Not everything works here, though. “Didadi”, the song, offers a change of pace and is a fine example of the didadi rhythm. Doumbia sounds wonderful, and there’s some great backing vocals and djembe playing on this too. But the drum programming is reminiscent of some of her earlier work and it feels a little out of place here. “Ndiagneko” is more of the same. The title track is too, but it does have some impassioned vocals, and addresses the refugee crisis the album is named for. In the right setting, these songs could be fun, and it’s not hard to imagine them being played in a celebratory setting without the studio effects. But those effects do detract from the otherwise organic aesthetic of the record.
There are some good examples of a more harmonious fusion of traditional and modern influences on Kanawa. The opener, “Blonda Yirini”, has an extended intro with a bluesy guitar riff, and the song features a prominent bassline. But the more traditional instruments, especially the n’goni, take centre stage and the call and response with the backing vocalists is fantastic on this one. The previously mentioned “Hine” and “Adjorabena” also have modern touches, featuring some pretty funky bass.

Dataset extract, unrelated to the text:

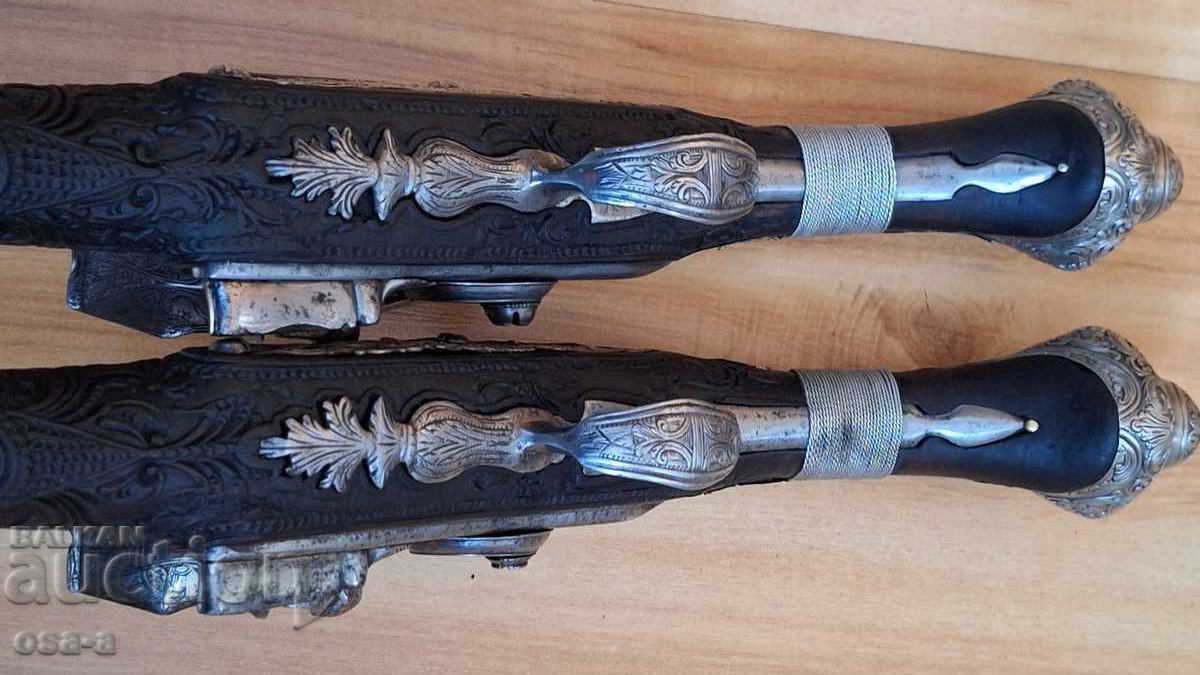 A pair of shotgun revolver pistols - 7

There’s also a totally unexpected feature on the closer “Foliwilen”, where a gunshot sample repeatedly rings out, supposedly paying tribute to courageous soldiers and hunters. It’s a shocking inclusion, but it works. The track is a stripped-back, traditional cut centred largely around a pulsing n’goni repetition. The gunshots add an edge, as do the great vocal stabs of the backing vocalist. Doumbia sounds incredible here, especially as she holds one particular note during the chorus. It’s a stunning song.
Kanawa largely achieves the right balance between the old and the new. The grooves of the Wassoulou tradition and Doumbia’s voice are both striking. The folk tradition is upheld and Nahawa Doumbia, as always, passionately addresses many of the social issues facing her people, capturing this moment in Malian history – and it sounds great.